I don’t know a lot about hip hop.  Most of my knowledge about it is based on what I listened to in the 80’s.  When Salt n’ Pepa were talking about having sex responsibly and LL Cool J was fulfilling his mama’s wishes to knock people out.

I am somewhat familiar with Fifty Cent.   I know that he wears a flak jacket a lot and that he’s been shot a bunch of times and lived.  And I know he likes to sing to someone named “Shorty” when it’s their birthday.  And I also know that he has had a video game made about him and his world-wind life as a rapper/gun-toting mercenary.

I decided that when I played this game that I would assume that this is a hard-hitting true story about this rapper’s life.  Here are some things that I learned about Fifty Cent during the cut scenes at the beginning of the game:

1:  Fifty Cent always walks around with guns and grenades strapped to him.  This is interesting to me.  I know life on the streets is very tough and one might need to pack some heat, but grenades?  That’s pretty crazy.

2:  Fifty Cent often plays concerts in dangerous places like Fallujah.  I know this because this seems to be where this game begins and takes place.  The game picks up on the last leg of Fifty’s tour where he and the rest of the members of G-Unit, who are also similarly strapped, are just finishing up a concert.

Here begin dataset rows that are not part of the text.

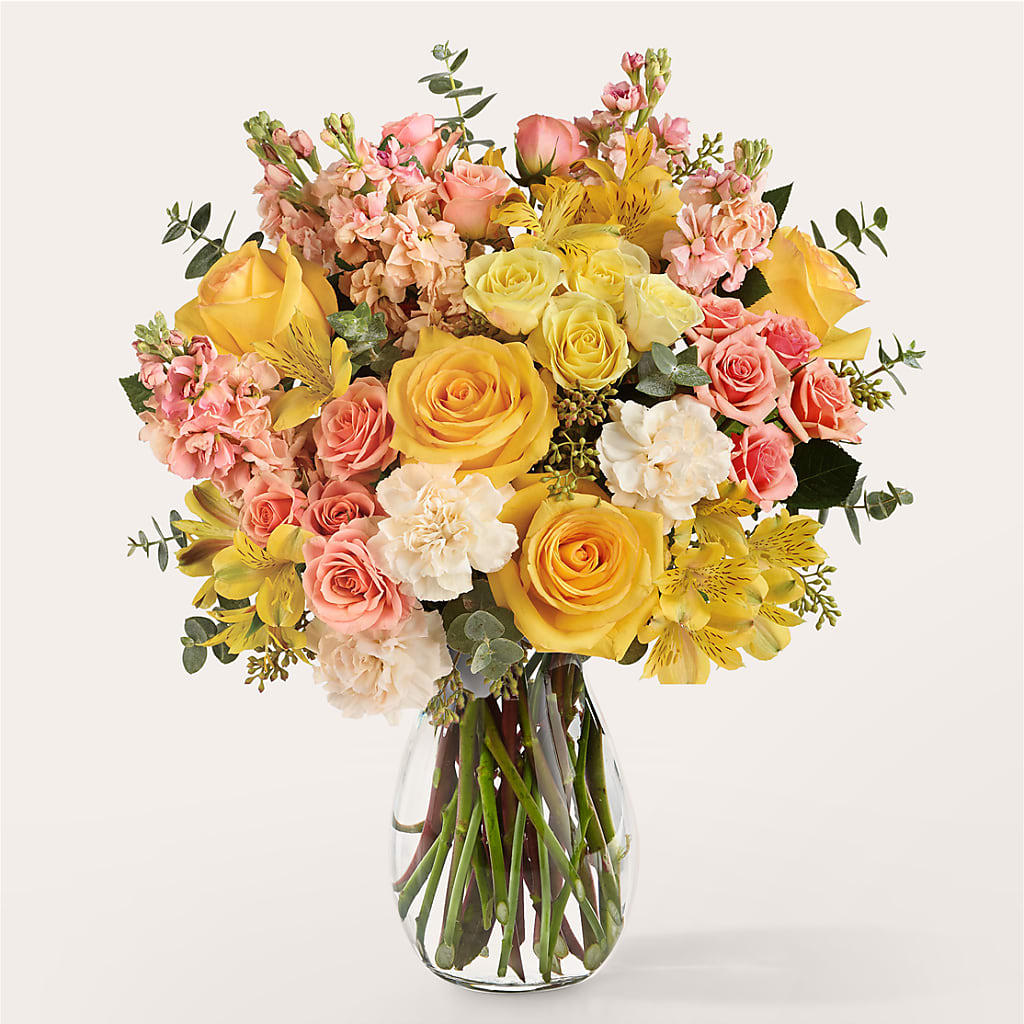 Slice of Sunrise Bouquet – BOOL'S FLOWER SHOP, Ithaca NY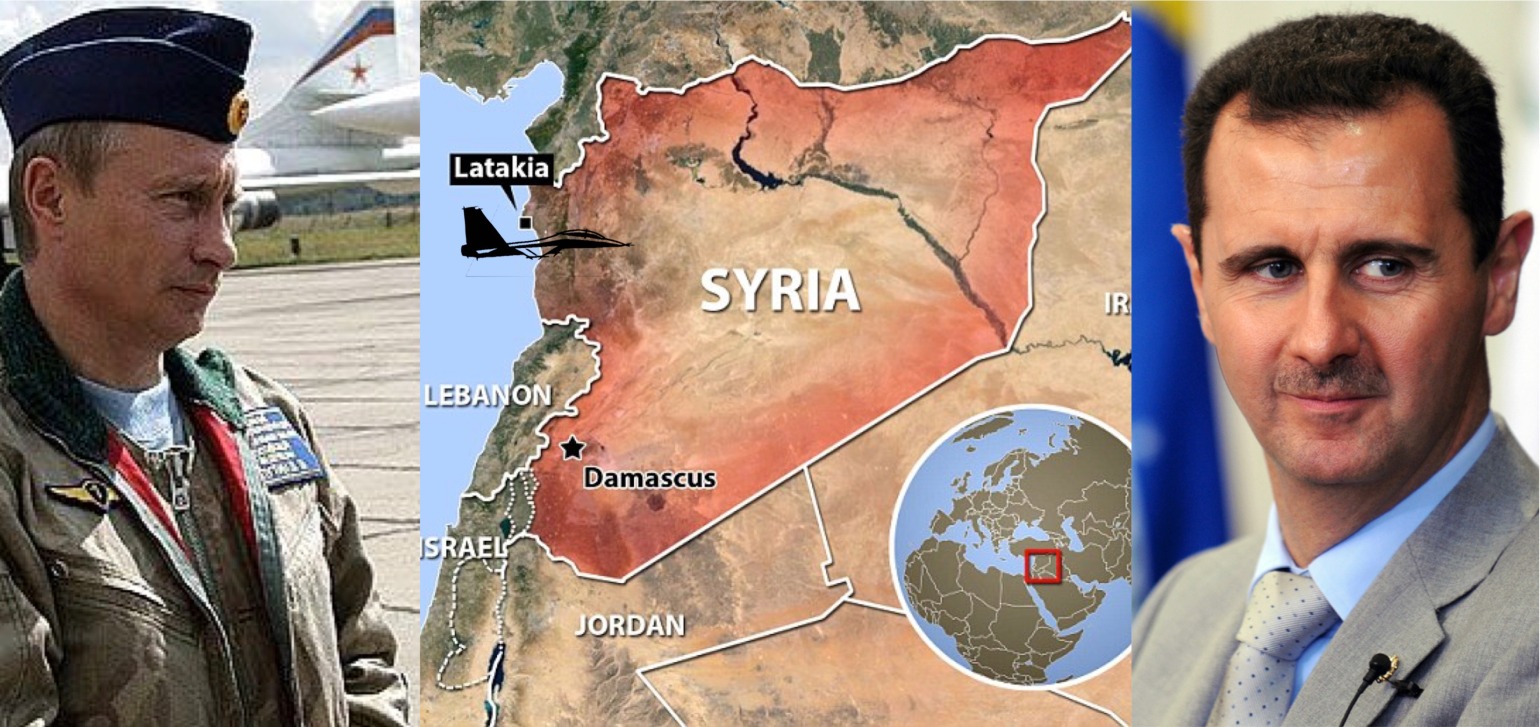 Russia 'Setting up Airbase in Syria' as Putin Escalates Moscow's Role in Civil War-danilo-amelotti.com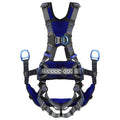 X300 Fall Protection Harness, XS/S, 420 lb, Quick-Connect Chest/ Quick-Connect Leg Straps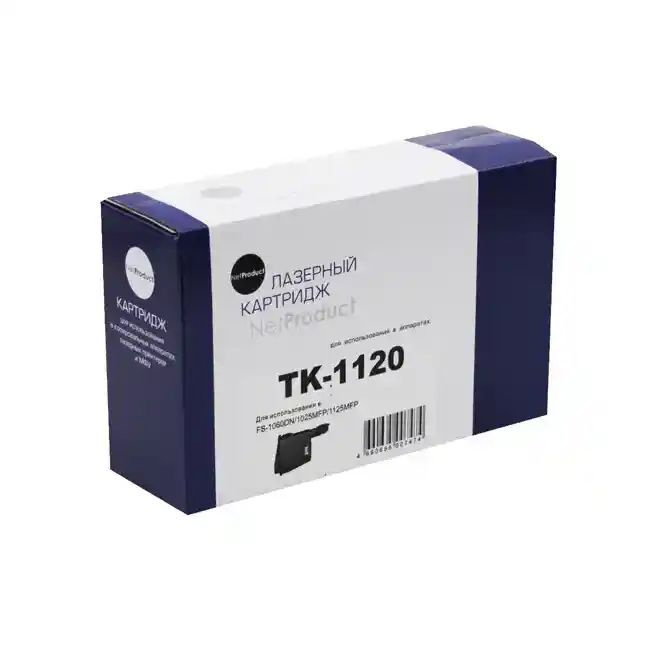 Тонер-картридж NetProduct TK-1120 для Kyocera FS-1060DN/1025MFP/1125MFP, 3K #1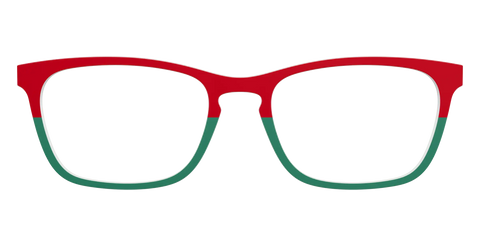 The Scarlet Red & Spruce Split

3:  Fifty Cent never gets paid up front to go put on a concert.  I thought this was very interesting.  Because one thing I’ve kinda assumed about rappers is that they do like money a lot.  Getting paid is very important.  Why would a guy put on a concert and wait to get paid at the very end?  Especially in a place like Fallujah?  Don’t get me wrong, I know this might sound naive or ignorant, but I’m only really going off of what the game is telling me.

4:  Diamond encrusted skulls are an acceptable form of payment for one’s rap services.

5:  Fifty Cent’s life must be very lonely.  The only people he seems to meet are people that are trying to kill him and that he has to then kill.  No one in the game that he meets turns out to be his friend.  That is sad.  From grizzled mercenaries to bad guys of indeterminate  Middle Eastern origin.  None of these people are out to do anything other than irreparable harm to our hero. His only friends, the other members of G-unit, do little more to help him in the game than to give him a boost up on ledges or help him to open the odd door here and there.  Oh, and also kill people alongside of him.  But they don’ t do that terribly well.

This gives the game a very, uh, bittersweet feeling as even though I do appear to be winning, I feel like I’m losing at the same time.   But enough about what I learned about Fifty Cent, the man.  Let’s talk about Fifty Cent, the game.  Everything about this game feels like something I’ve played in a game before.  Some of the combat and the partner action reminds me of a game like Army of 2, but no quite.  The other members of G-unit seem interchangeable with no real difference in who you choose.  They seem to fight along side of you, but don’t really seem to help you when you’re in danger.  There’s a slo-mo feature like in Max Payne, that allows you to fight off multiple enemies, but in the heat of battle it was difficult to use and I ended up abandoning it entirely with little affect on my ability to play the game.

Close quarters hand-to-hand combat was only accomplished through timed button presses which really slowed things down unnecessarily.  It took me longer to push the buttons to punch a guy, than it did to watch Fifty Cent punch a guy three times and stab him in the chest after I had successfully completed the button pressing.  The one saving grace was a series of timed challenges where you had to kill certain enemies within a time limit to earn ammo upgrades.  (Like exploding bullets and incendiary rounds.)  These were the only things that I actually found helped me in the game.  Plus, it was actually very challenging to try and accomplish within the time limit.

So the lackluster repetitive gameplay, an “is that really it” ending and a premise more improbable than the movie Cool as Ice, I give Fifty Cent: Blood on the Sand 3 out of 10 keggers.